> **Supplied data**
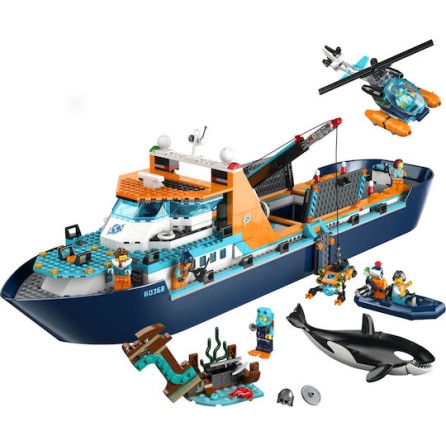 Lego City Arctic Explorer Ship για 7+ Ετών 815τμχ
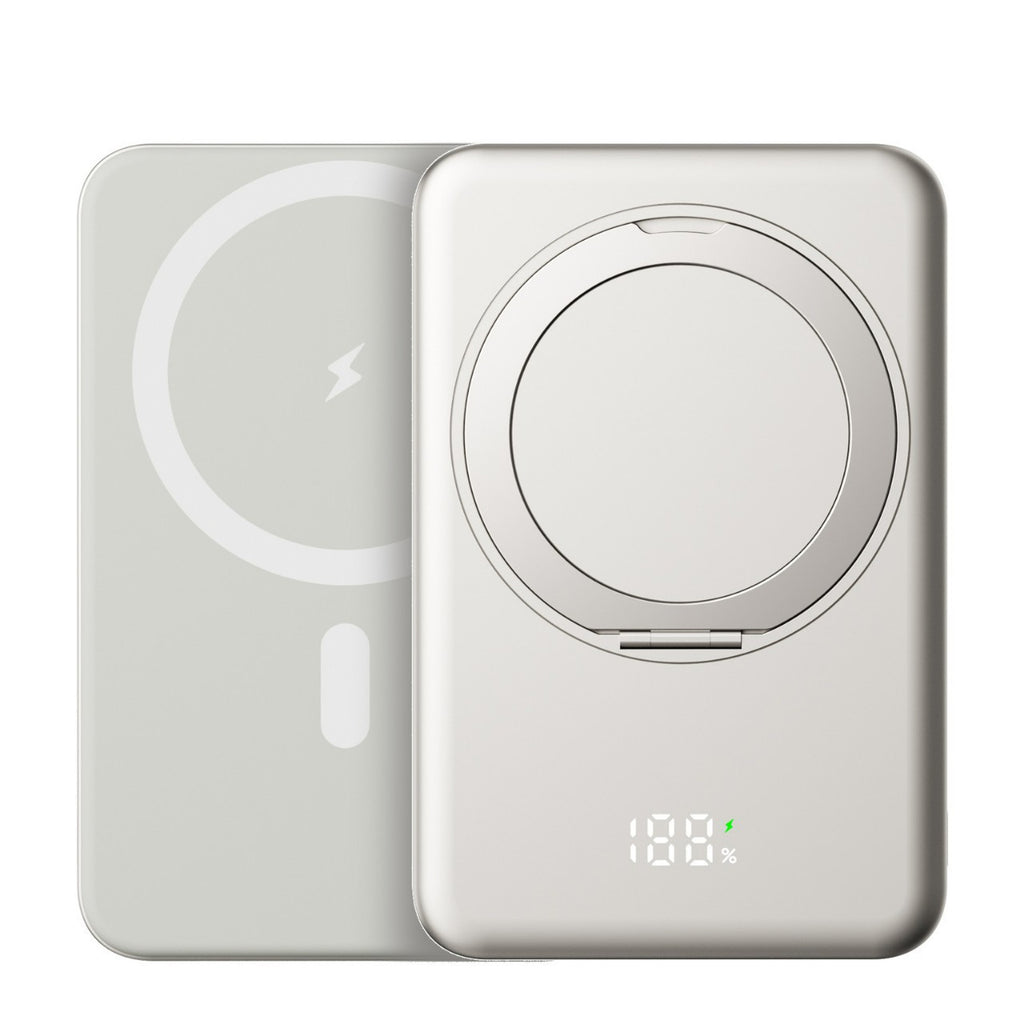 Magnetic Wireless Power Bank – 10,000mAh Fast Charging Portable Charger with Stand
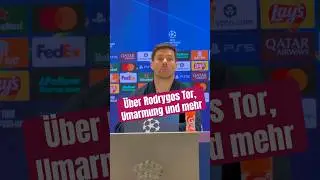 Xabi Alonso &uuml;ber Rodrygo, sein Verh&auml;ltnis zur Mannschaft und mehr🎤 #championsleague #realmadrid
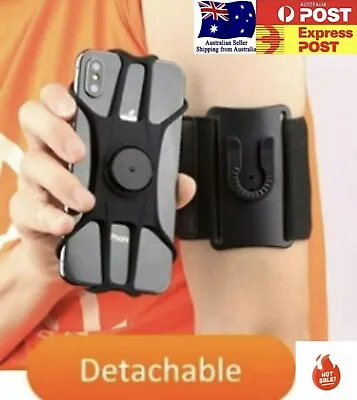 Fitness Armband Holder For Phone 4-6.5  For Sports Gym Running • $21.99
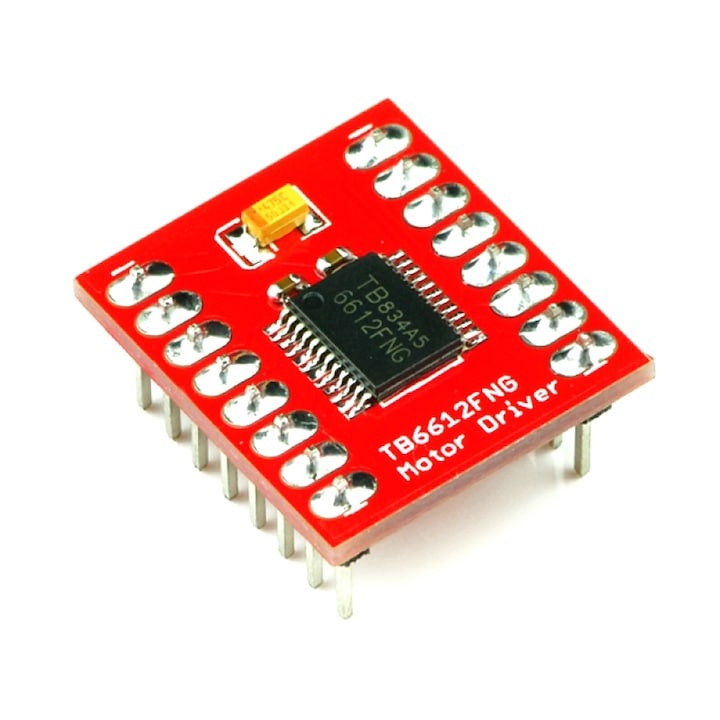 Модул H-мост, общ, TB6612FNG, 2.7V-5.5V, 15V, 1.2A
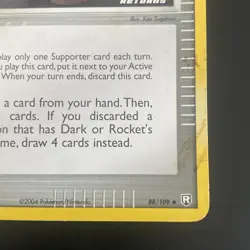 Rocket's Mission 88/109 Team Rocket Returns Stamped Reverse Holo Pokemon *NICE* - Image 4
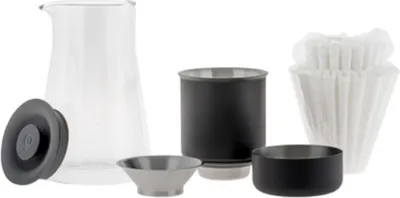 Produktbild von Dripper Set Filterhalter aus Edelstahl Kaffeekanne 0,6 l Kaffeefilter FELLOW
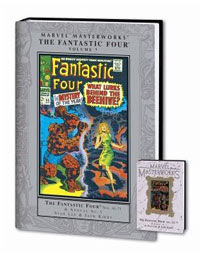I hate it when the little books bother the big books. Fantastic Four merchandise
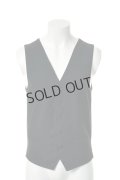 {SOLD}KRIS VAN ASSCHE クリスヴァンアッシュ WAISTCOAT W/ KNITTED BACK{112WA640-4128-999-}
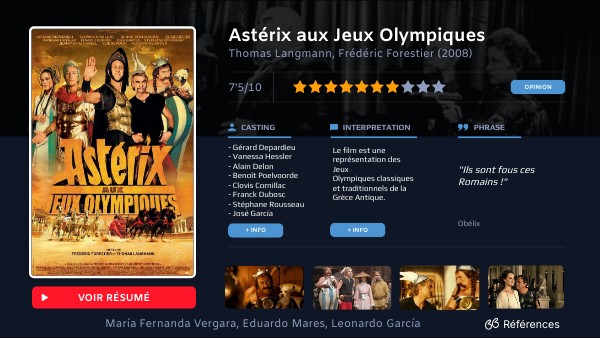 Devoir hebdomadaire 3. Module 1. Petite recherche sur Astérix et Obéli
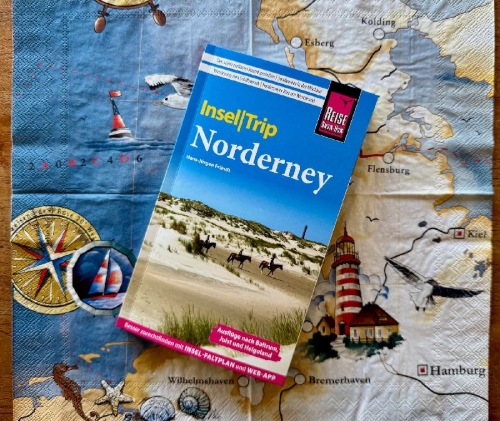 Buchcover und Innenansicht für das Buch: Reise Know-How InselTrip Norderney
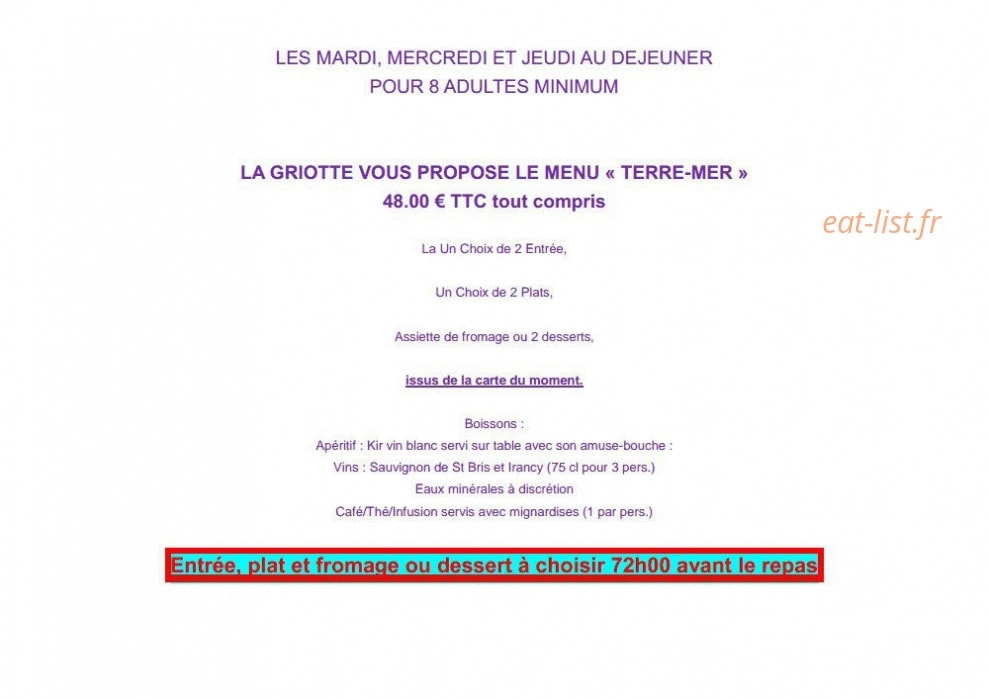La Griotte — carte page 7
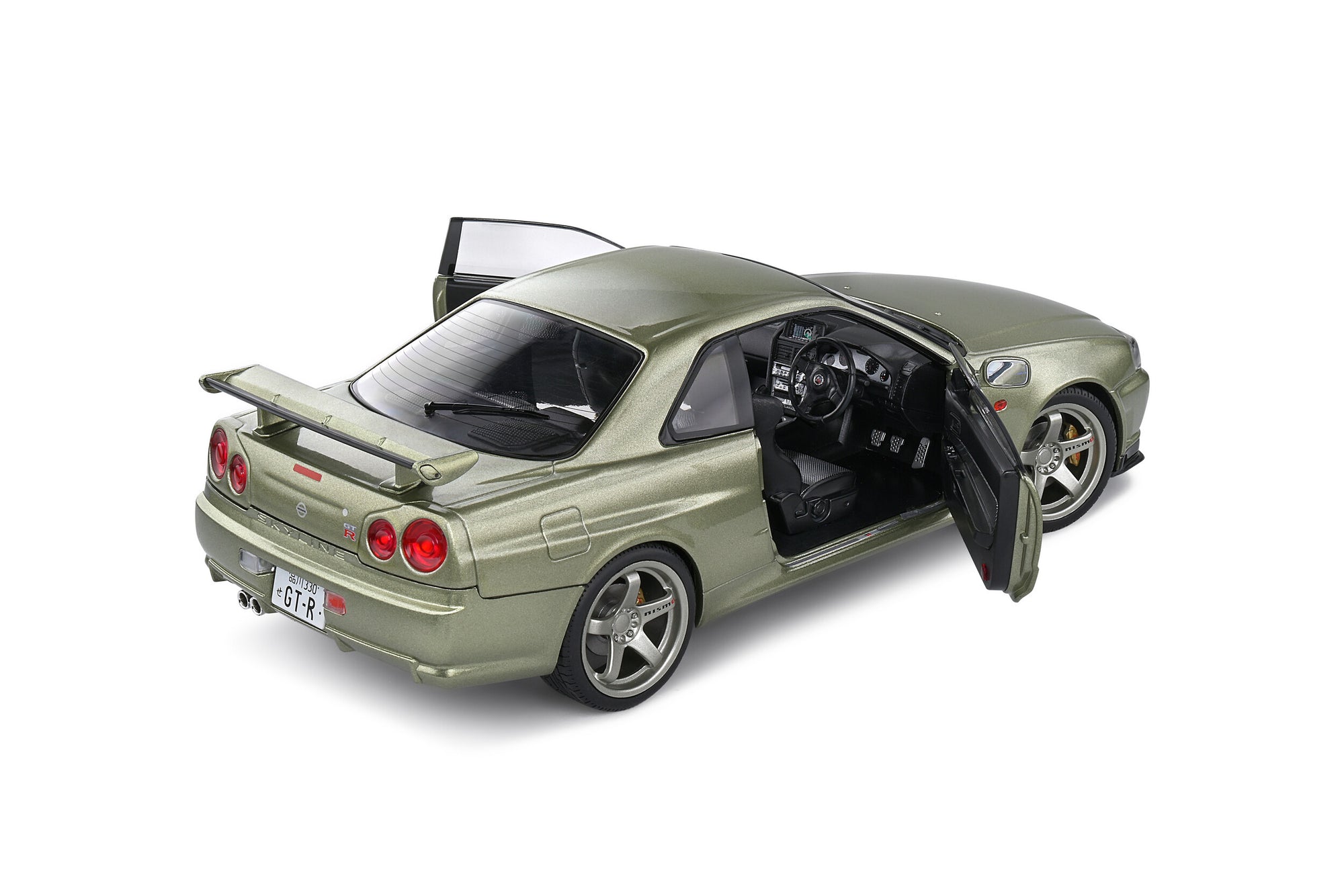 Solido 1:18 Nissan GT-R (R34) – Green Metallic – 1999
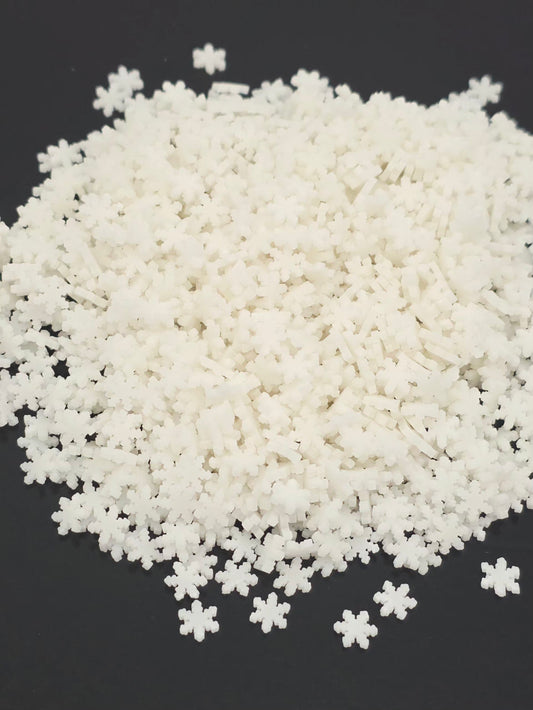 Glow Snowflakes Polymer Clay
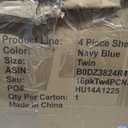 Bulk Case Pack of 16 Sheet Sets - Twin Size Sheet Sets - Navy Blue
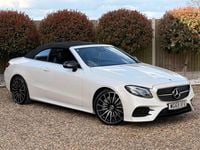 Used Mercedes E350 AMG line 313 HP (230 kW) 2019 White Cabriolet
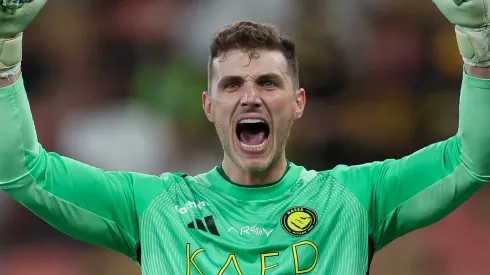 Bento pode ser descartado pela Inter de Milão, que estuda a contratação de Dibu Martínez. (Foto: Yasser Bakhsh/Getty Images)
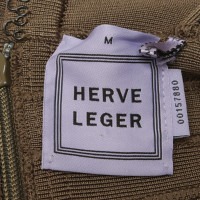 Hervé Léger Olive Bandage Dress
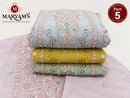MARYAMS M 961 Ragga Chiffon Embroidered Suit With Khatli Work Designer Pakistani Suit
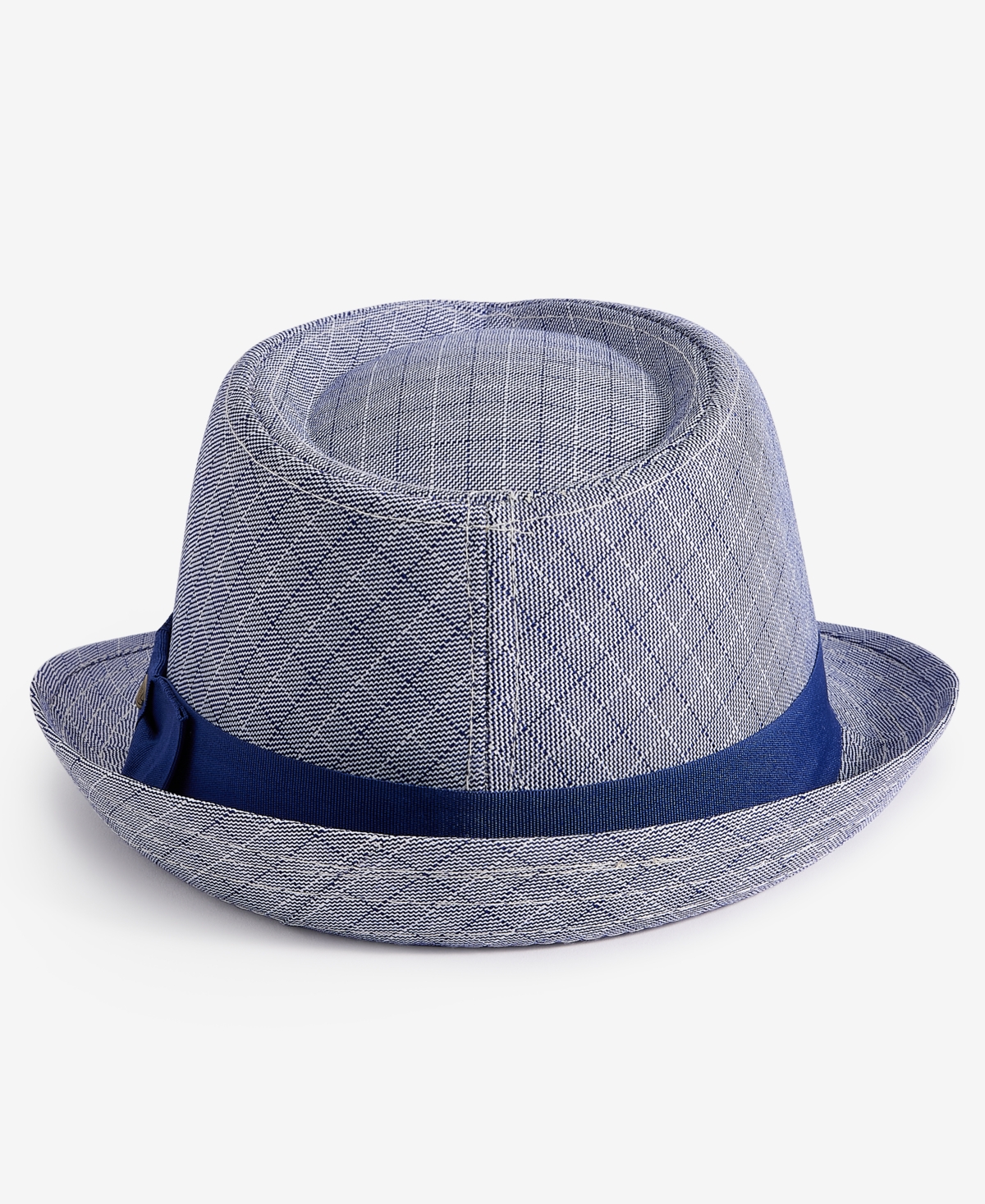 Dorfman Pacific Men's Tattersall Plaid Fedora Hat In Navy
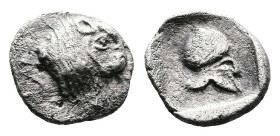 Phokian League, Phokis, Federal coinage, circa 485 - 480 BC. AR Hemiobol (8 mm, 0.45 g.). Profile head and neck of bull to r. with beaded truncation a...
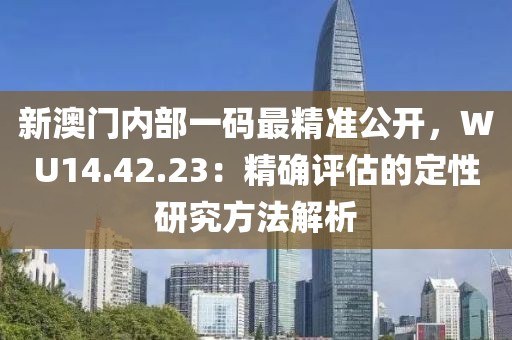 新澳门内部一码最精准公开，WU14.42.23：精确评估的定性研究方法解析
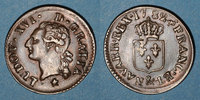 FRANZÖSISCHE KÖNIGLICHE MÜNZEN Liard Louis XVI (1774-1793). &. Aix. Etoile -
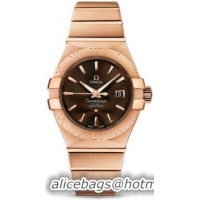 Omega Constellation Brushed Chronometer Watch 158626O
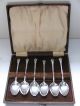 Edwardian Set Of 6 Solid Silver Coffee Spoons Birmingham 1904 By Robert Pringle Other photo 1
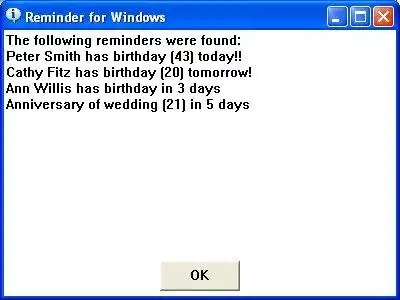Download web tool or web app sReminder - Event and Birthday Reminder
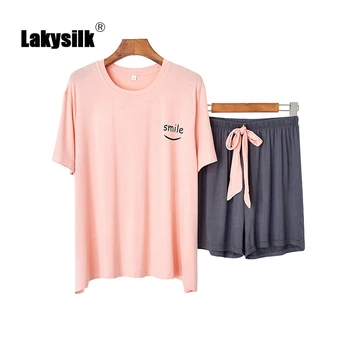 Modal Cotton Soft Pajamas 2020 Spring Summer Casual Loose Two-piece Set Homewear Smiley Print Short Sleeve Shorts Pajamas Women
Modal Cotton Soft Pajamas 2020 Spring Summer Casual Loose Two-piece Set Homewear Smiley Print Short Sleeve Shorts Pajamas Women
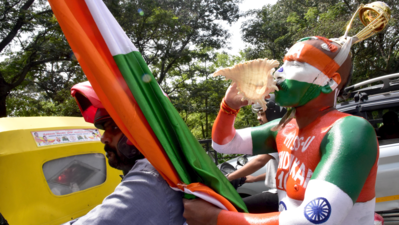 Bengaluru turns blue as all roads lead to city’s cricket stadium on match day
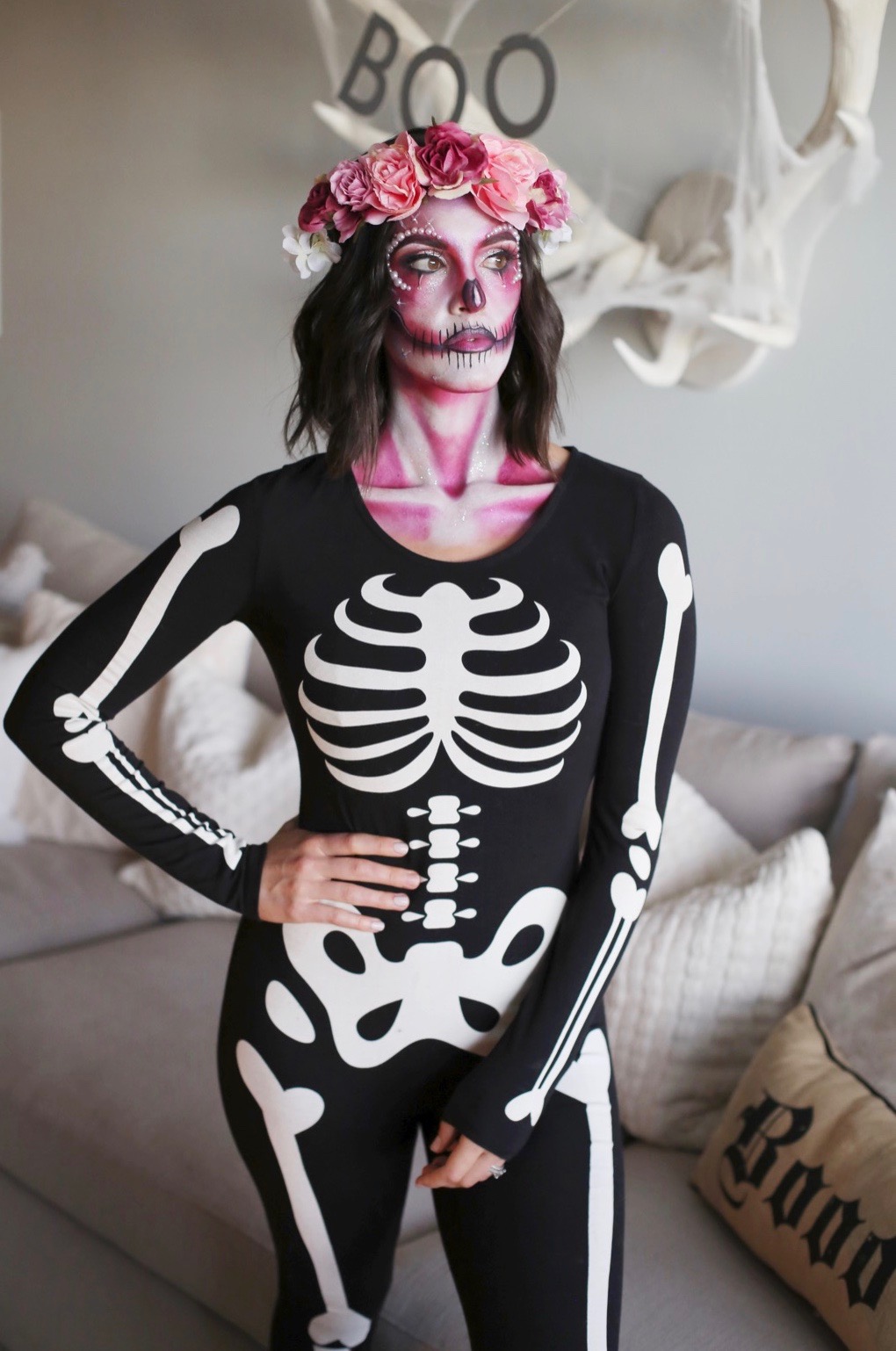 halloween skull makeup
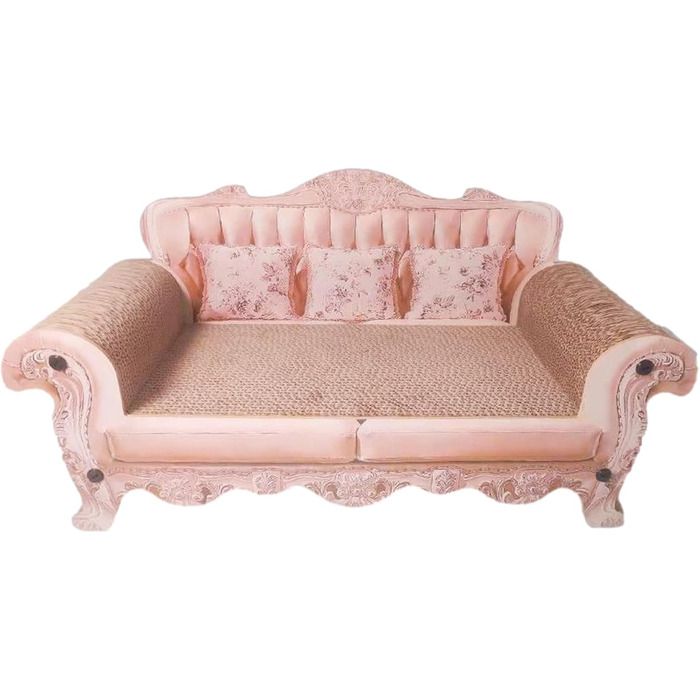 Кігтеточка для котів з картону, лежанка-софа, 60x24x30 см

> **Problem to solve**
Locate the line containing "Phokian League, Phokis, Federal" in the material above, then repeat it and every later line exactly, with no pictures.

> **Task result**
 Phokian League, Phokis, Federal coinage, circa 485 - 480 BC. AR Hemiobol (8 mm, 0.45 g.). Profile head and neck of bull to r. with beaded truncation a...
 新澳门内部一码最精准公开，WU14.42.23：精确评估的定性研究方法解析
 FRANZÖSISCHE KÖNIGLICHE MÜNZEN Liard Louis XVI (1774-1793). &. Aix. Etoile -
 Omega Constellation Brushed Chronometer Watch 158626O
 Edwardian Set Of 6 Solid Silver Coffee Spoons Birmingham 1904 By Robert Pringle Other photo 1
Download web tool or web app sReminder - Event and Birthday Reminder
 Modal Cotton Soft Pajamas 2020 Spring Summer Casual Loose Two-piece Set Homewear Smiley Print Short Sleeve Shorts Pajamas Women
Modal Cotton Soft Pajamas 2020 Spring Summer Casual Loose Two-piece Set Homewear Smiley Print Short Sleeve Shorts Pajamas Women
 Bengaluru turns blue as all roads lead to city’s cricket stadium on match day
 halloween skull makeup
 Кігтеточка для котів з картону, лежанка-софа, 60x24x30 см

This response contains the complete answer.